## [Action item]
What you give back from the listing below should be an exact copy of the lines from the one with "In this video, I'm" down to the one with "Hello everybody and", and it should contain no pictures.

## [Records provided]
● ● ● ● ●

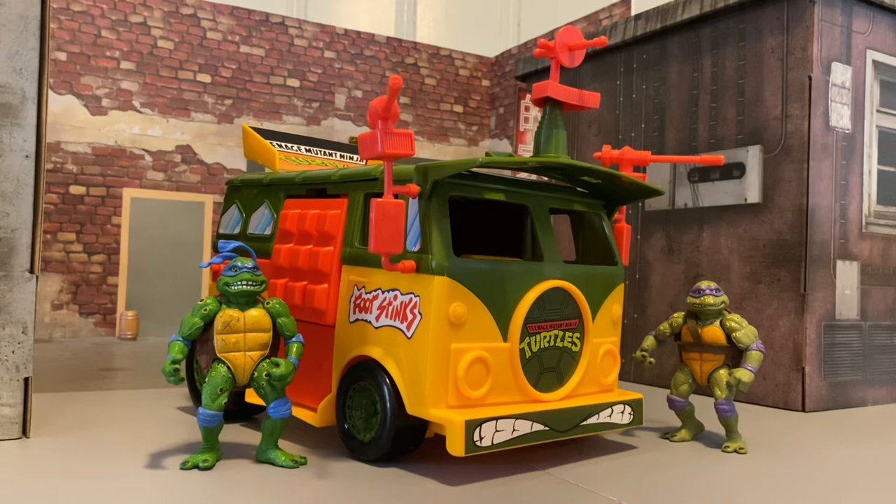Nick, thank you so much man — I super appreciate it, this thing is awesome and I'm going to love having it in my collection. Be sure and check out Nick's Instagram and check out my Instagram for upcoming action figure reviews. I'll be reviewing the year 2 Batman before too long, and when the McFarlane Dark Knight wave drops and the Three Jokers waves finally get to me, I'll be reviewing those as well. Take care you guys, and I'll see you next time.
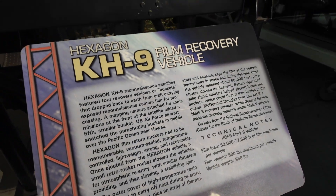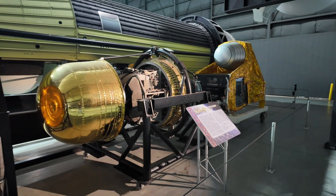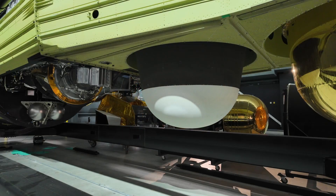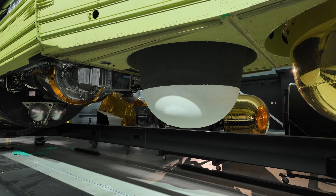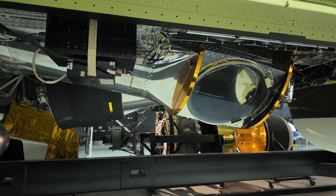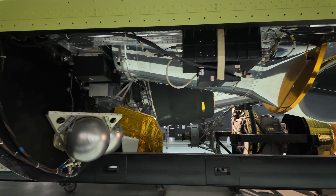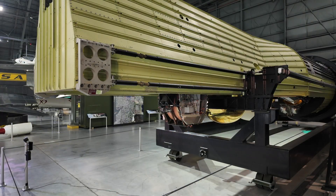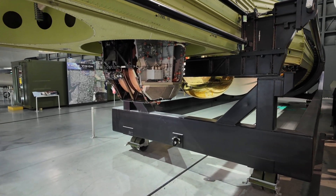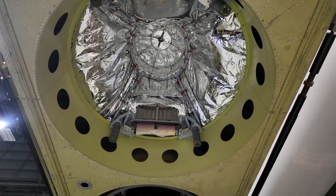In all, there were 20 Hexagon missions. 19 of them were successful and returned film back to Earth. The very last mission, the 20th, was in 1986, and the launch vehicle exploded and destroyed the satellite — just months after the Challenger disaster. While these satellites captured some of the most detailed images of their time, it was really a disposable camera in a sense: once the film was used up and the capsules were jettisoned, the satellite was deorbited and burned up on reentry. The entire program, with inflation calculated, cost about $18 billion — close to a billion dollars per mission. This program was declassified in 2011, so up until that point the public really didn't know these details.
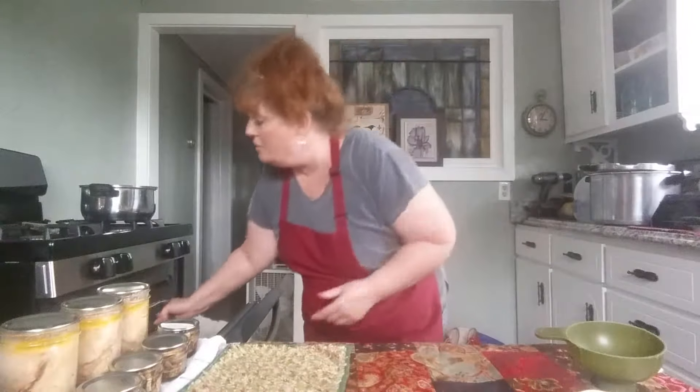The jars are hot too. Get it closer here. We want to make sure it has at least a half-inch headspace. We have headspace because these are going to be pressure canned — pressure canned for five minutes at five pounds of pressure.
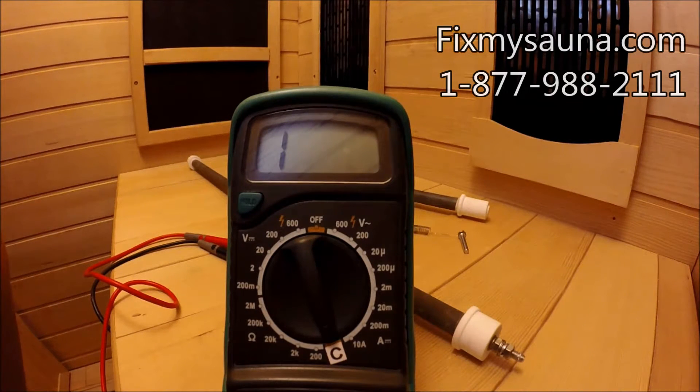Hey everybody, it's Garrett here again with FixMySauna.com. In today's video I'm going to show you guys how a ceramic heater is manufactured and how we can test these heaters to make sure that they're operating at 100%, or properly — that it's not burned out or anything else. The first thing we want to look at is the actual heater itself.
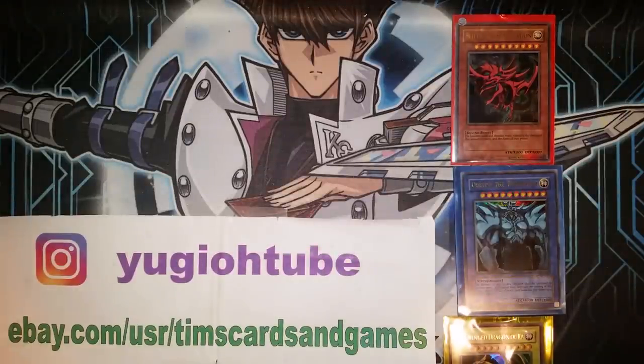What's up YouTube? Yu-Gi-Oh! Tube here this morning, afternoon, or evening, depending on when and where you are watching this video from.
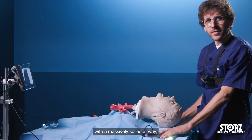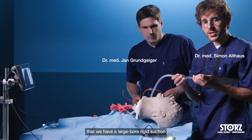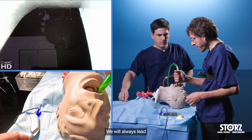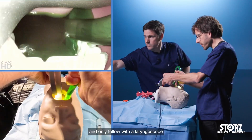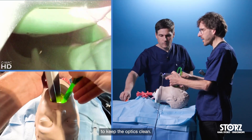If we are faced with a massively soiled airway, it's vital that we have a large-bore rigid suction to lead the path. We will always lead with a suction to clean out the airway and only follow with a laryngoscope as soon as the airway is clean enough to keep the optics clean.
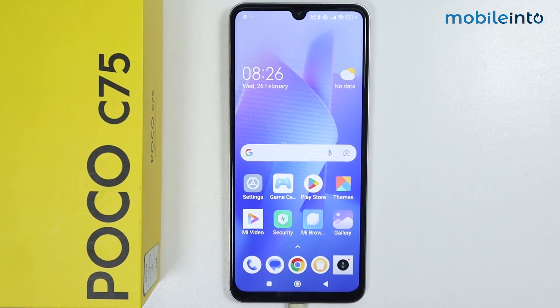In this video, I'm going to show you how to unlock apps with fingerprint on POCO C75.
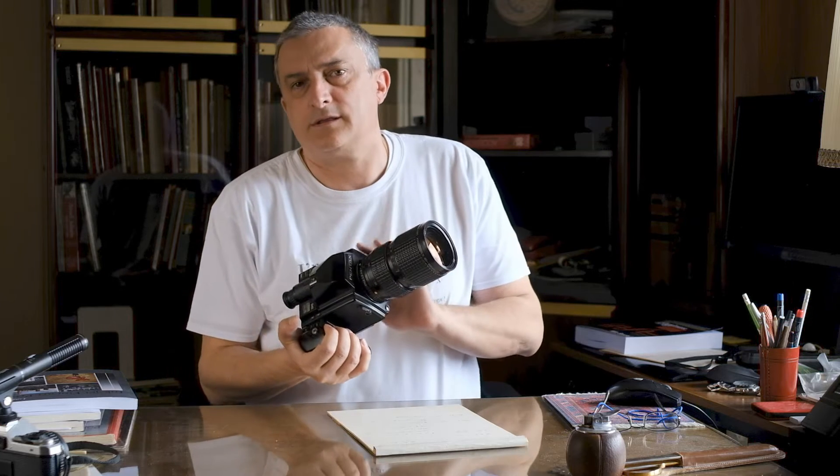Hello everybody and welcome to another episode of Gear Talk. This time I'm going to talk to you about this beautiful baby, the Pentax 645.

● ● ● ● ●

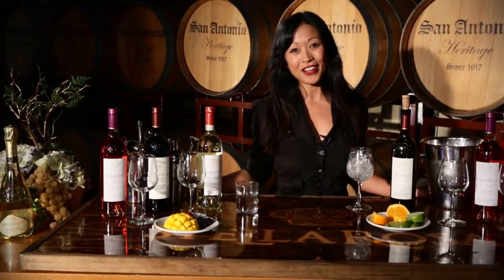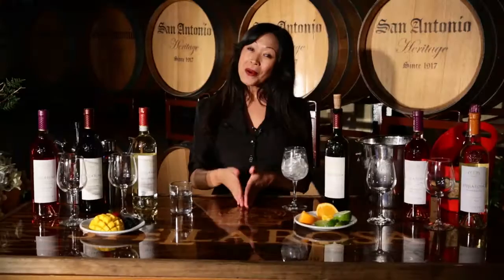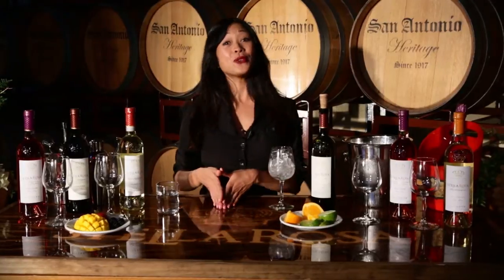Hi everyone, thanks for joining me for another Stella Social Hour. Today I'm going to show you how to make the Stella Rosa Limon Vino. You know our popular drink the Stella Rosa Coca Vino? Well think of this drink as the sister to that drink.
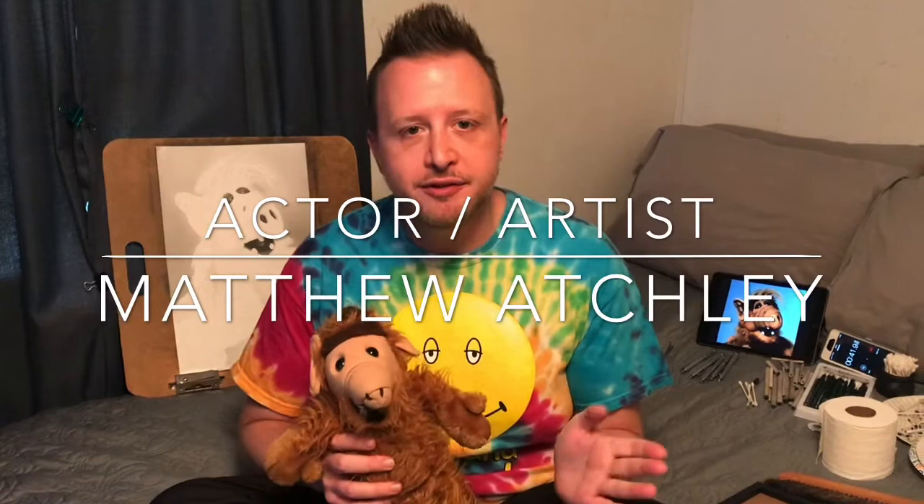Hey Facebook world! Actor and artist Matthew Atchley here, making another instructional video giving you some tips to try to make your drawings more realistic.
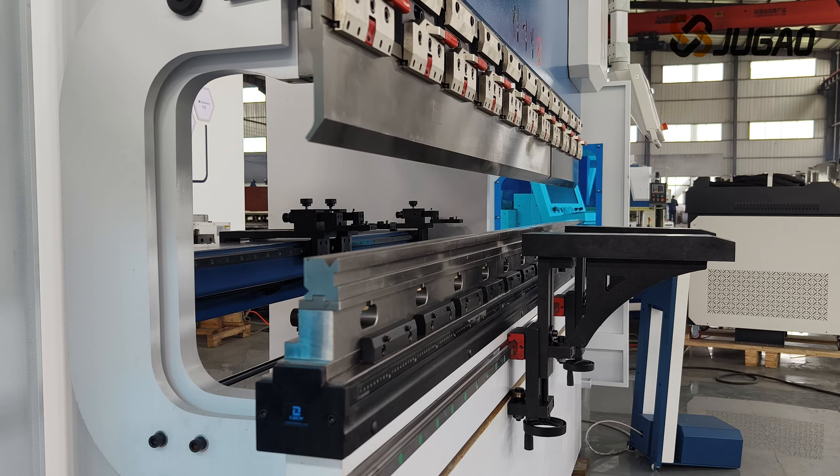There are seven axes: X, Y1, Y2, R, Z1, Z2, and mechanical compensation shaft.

● ● ● ● ●

## [Task output]
In this video, I'm going to show you how to unlock apps with fingerprint on POCO C75.
Hello everybody and welcome to another episode of Gear Talk. This time I'm going to talk to you about this beautiful baby, the Pentax 645.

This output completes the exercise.